Der BN-Mann prophezeit: »In der Stadt kommen in den nächsten 20 bis 30 Jahren ungefähr 150.000 Personen dazu, in Bogenhausen durch Neubaugebiete wie beispielsweise den Prinz-Eugen-Park oder die Gebäude an der Johanneskirchner Straße auf dem ehemaligen Ziegelei-Deck-Areal sowie weitere Zukunftsprojekte entlang der S-Bahnlinie zum Flughafen rund 15.000, so dass die Einwohnerzahl dann die 100.000 tangiert.«

Die Mauerkircher Straße entlang blickend erzählt Schön: »Ab 1805 wurde die Isar reguliert, und dann wurde besiedelt.
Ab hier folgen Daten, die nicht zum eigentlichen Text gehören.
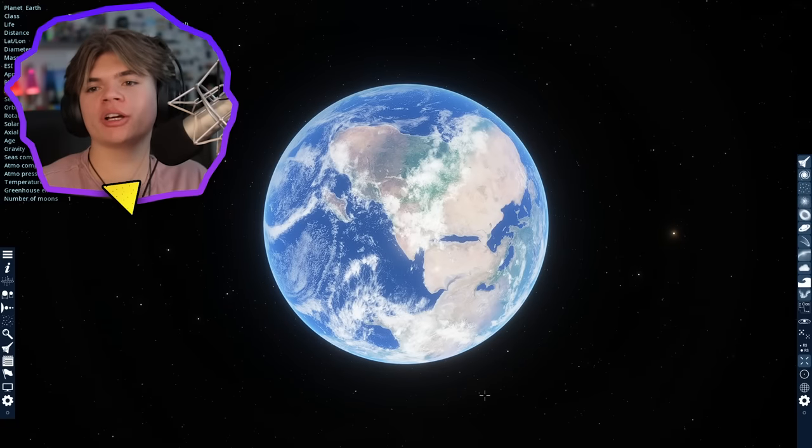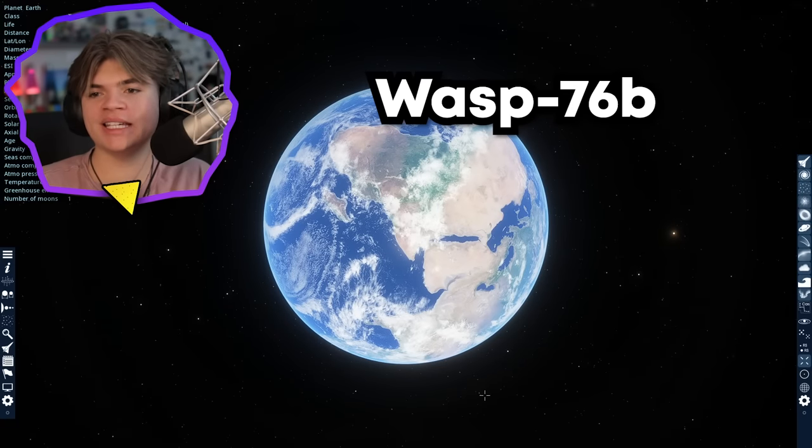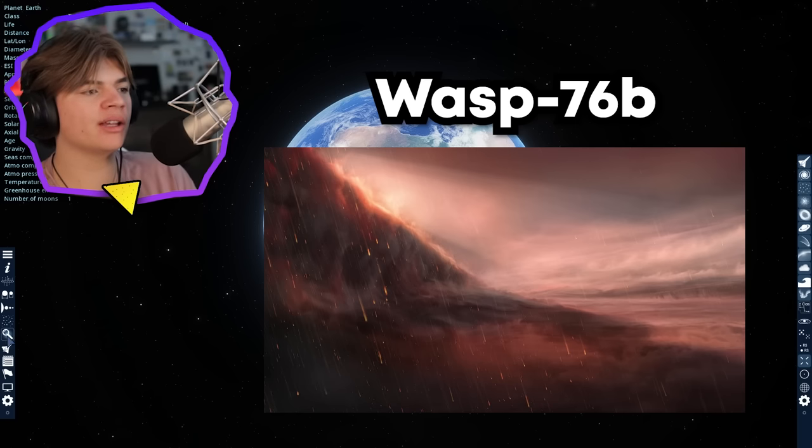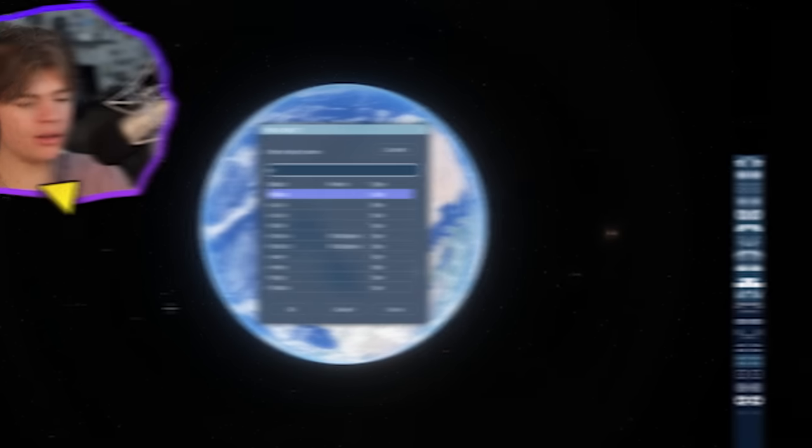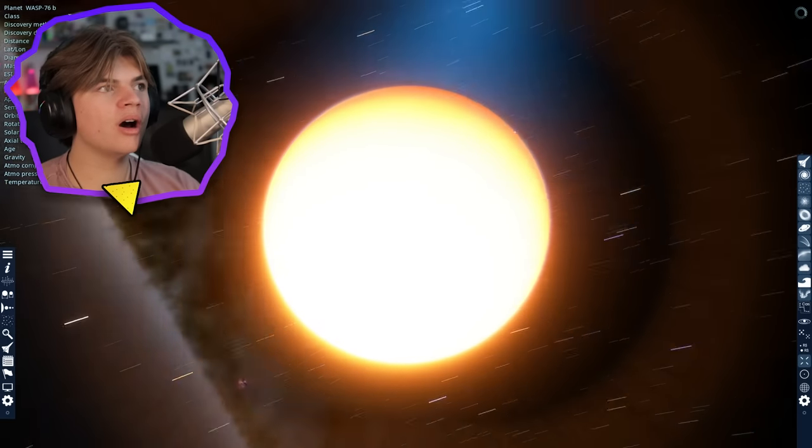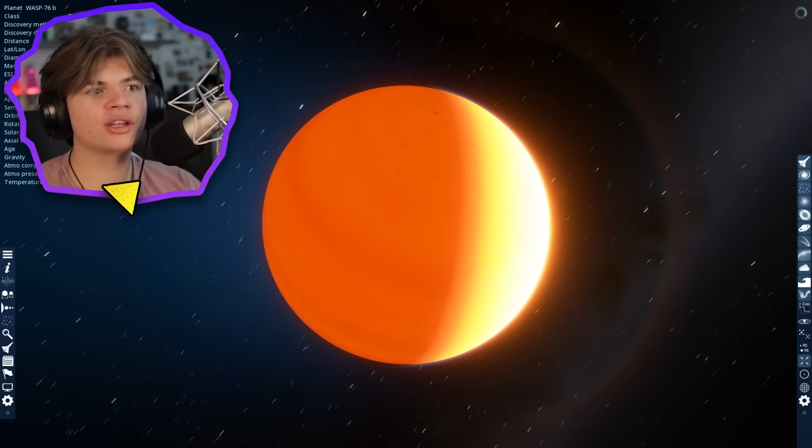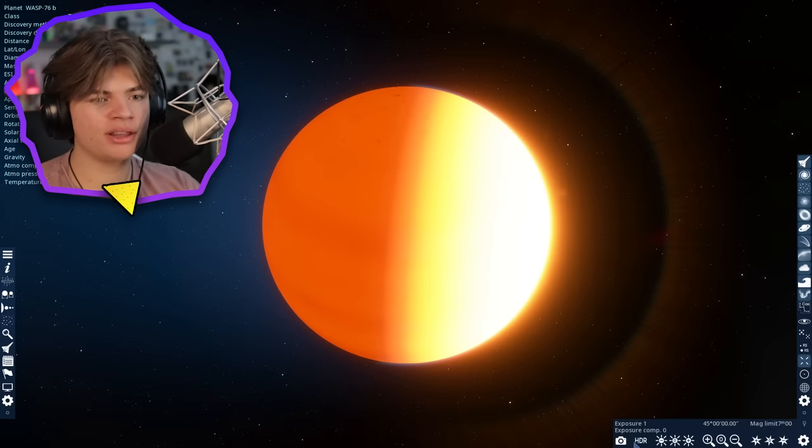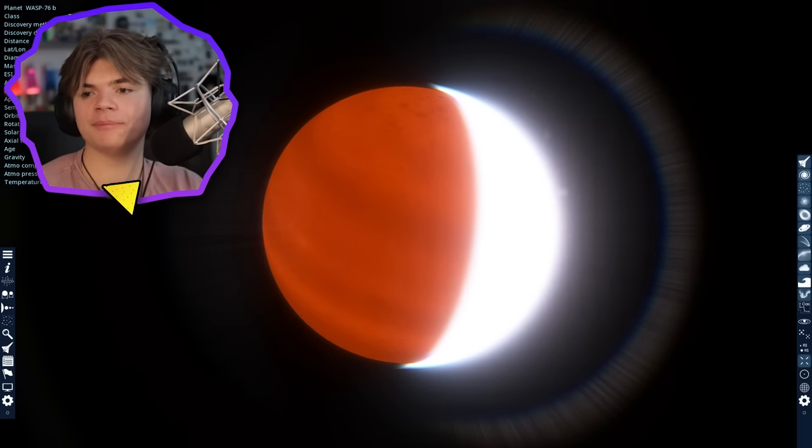All right, so the first planet in the article is Wasp 76b, the exoplanet that rains molten iron. Okay, so let's search it first then we'll read more about it. Okay, here it is. Whoa, super bright. It looks like it's completely on fire. So let's read about it.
Noch vor 20 Jahren war hier alles Auwald.« Ein paar Meter weiter lautet heute die Frage: Biergarten oder Luxuswohnungen? Gemeint ist das Wirtshaus im Grün Tal, »Ein Beispiel für bürgerschaftliches Engagement«, lobt Schön, denn eine Initiative will die Gastronomie retten. Doch ob’s (finanziell) klappt, ist noch nicht klar. »Der 1. April zur Wiedereröffnung ist jedenfalls ein fiktiver Termin«, so der Referent. Und zur möglichen Bebauung: »Je teurer eine Wohnung, desto leichter ist sie verkaufbar. Aber das gilt nicht nur hier.«

Kritisch begutachtet Schön die Rümelinstraße und den überaus breiten Gehweg: »Hier sind zu viele Flächen versiegelt, die zubetonierten Böden und Asphaltdecken gehören geöffnet. München braucht Bäume, Bäume und noch mehr Bäume. Denn viele ehemalige Grundstücke mit großen Gärten werden dicht mit Mehrfamilienhäusern bebaut, es gibt also immer weniger Grün.« Diese und andere Veränderungen bezeichnet der Fachmann als »schleichende Umwandlung, mal in wenigen Jahren, mal in Jahrzehnten«. Und zur Nachfrage wegen der Finanzierung angesichts der angespannten städtischen Etatlage: »Das muss auch auf die Anlieger umgelegt werden.«

Je weiter man die parallel zur Isar verlaufende Pienzenauer Straße Richtung Mittlerer Ring vorangeht, desto klarer wird die »schleichende Umwandlung«: Mehrfamiliengebäude dominieren. Sehenswerte Ausnahme ist die Adresse Thomas-Mann-Allee 10. Der Schriftsteller selbst ließ sein Haus 1952 abreißen, Mann verkaufte das Grundstück. Ein Nachfolgebau mit »äußerlicher Rekonstruktion« ersetzte vor fünf Jahren die Villa des Nobelpreisträgers – ein optisches Juwel im Herzogpark, für Bogenhausen, für München.